CentOS minimal is a great OS. Like Ubuntu server it has no GUI, it's just comand line. For a server it is a grat choice for its stability and it does'nt need powerful hardware to either.
I deal with Redhat based servers all the day and the only issues I had until now are packages that are very old. Adding third-party repositories breaks sometimes the upgrade path sometimes, especially when dealing with Perl packages. However, the online documentation is really great.
On the other hand, for private stuff, I'm using Ubuntu server (LTS). No problems at all.
FreeBSD is also fantastic for servers. It's not Linux, but worth a mention.
Most linux gurus will point you towards SME.
+1, SME is popular with former CentOS users. Another alternative is Scientific Linux, which is also a possible successor to CentOS. CentOS itself got sucked up and spit out by RedHat, it's not really the best way forward any more since last year.

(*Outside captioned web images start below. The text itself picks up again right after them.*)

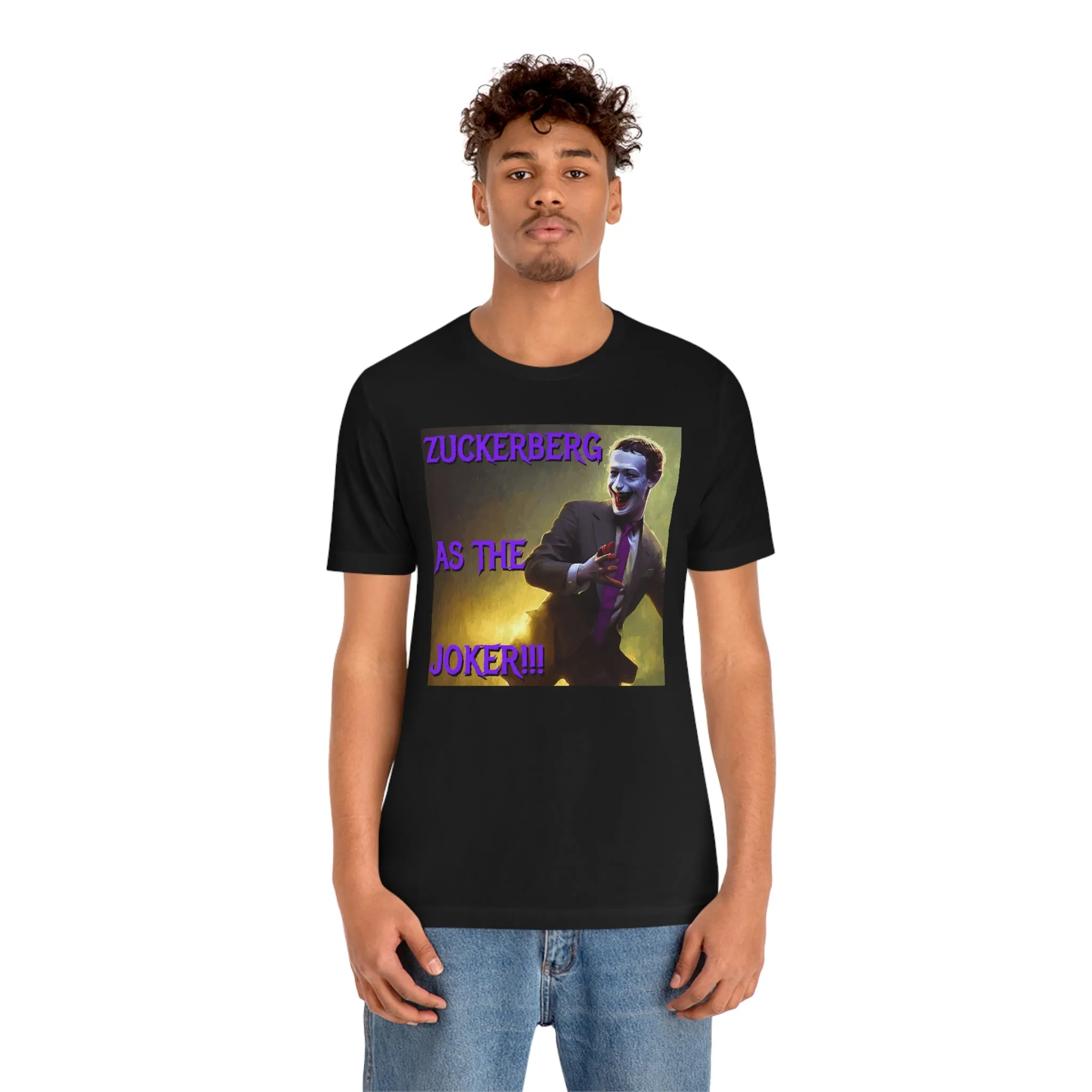 Zuckerberg as the Joker!!! Short Sleeve Tee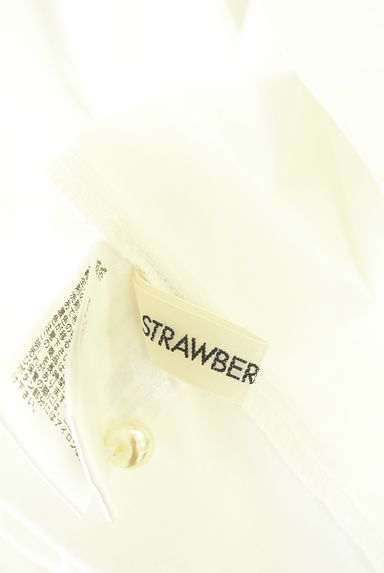 STRAWBERRY-FIELDS（ストロベリーフィールズ）の古着「パールボタンフリルブラウス（ブラウス）」大画像６へ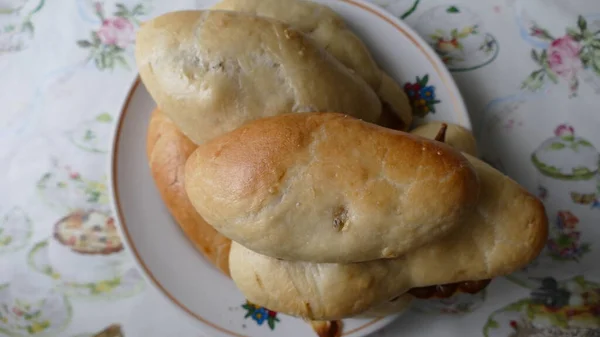 Pasteten Mit Kohl Großaufnahme — Stockfoto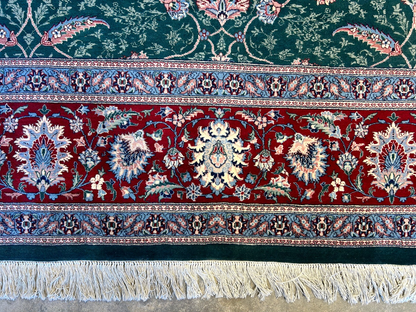 9'2"x12'8" Hand-Knotted 100% Wool Pile Oriental Rug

Everything depends on what the server has to do. If you're just looking for a httpd server or something not too complicated, Debian stable is generally a good choice, because it's really low maintenance as it only gets security updates, and very few updates. If you need extended performance or modern functionality, like Atomic server or TCP/IP piping of external hardware functions, or support for advanced filesystems, and you need a bleeding edge server distro, just go for the most bleeding edge you can find, because you want to do live kernel patching as soon as possible to avoid any downtime. Live kernel patching comes from the OpenSuSE corner of the linux sandbox, and will be fully integrated in kernel 4.0 that is released very soon. This allows for patching the kernel without having to restart the session or the machine, so there is zero downtime, and for those server applications, that's a big deal.